Having tried a couple of batches of wine (acid testing and all) I've started
doing it with my mead too. I have a plain spiced mead (still) which stikes
me as rather bland. Rather dry. Not very exciting. I think that meads will
benefit from proper acid adjustment, giving them that tangy tongue bite
which we associate with most good wines. Sparkling meads can gain that
tongue feel from the CO2, but without carbonation a proper balance of
acid and sweetness/dryness become more important. Besides- a little acid
and a $5 test kit are not much of a setback nor is the process very time
consuming. A local brew supplier stongly encouraged the treating of Mead
as a wine- rather than a beer. I've found the attitude to be quite
appropriate.

I'm planning a pear/apple mead next (hopefully using the 3 gallon jug!)
using apple cider and some form of pears. For the pears- I haven't decided
yet whether to go with more juice, canned fruit, or (as the season's over-
less available) fresh fruit. Any suggestions or shared experience would
be welcome. I'm going to use a wine recipe- and substitute the sugar with
honey. As for quantities- well, I'll guesstimate! But I will acid test!
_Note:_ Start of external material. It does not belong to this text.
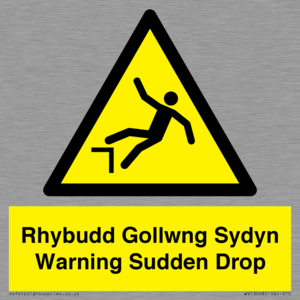 Rhybudd Gollwng Sydyn Warning Sudden Drop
A question of sweetening the final product (post fermentation).
I have yet to find a good value of ranges for how much lactose to add
to sweeten a wine/mead after stabilizing with ascorbic acid (isn't that the
one...?) Any experience out there to share? All I've read seems to point
to "taste" and "preference". Well, personally- if I've got a 1 gallon
batch I'd rather do it, bottle and store, rather than adding- tasting-adding
woops- then bottling. I'd be pretty silly by then, and I wouldn't have a
whole gallon anymore. Even ballpark numbers would be welcome....I know
I know, mileage will vary and all that- differenent fruits for dif. folks,
but are we talking tablespoons or tons!

Well, brew on meadies. and PLEASE keep the subjects as an objective!

John (Coyote) Wyllie SLK6P@cc.usu.edu
"Hell- even a broken clock is right twice a day!"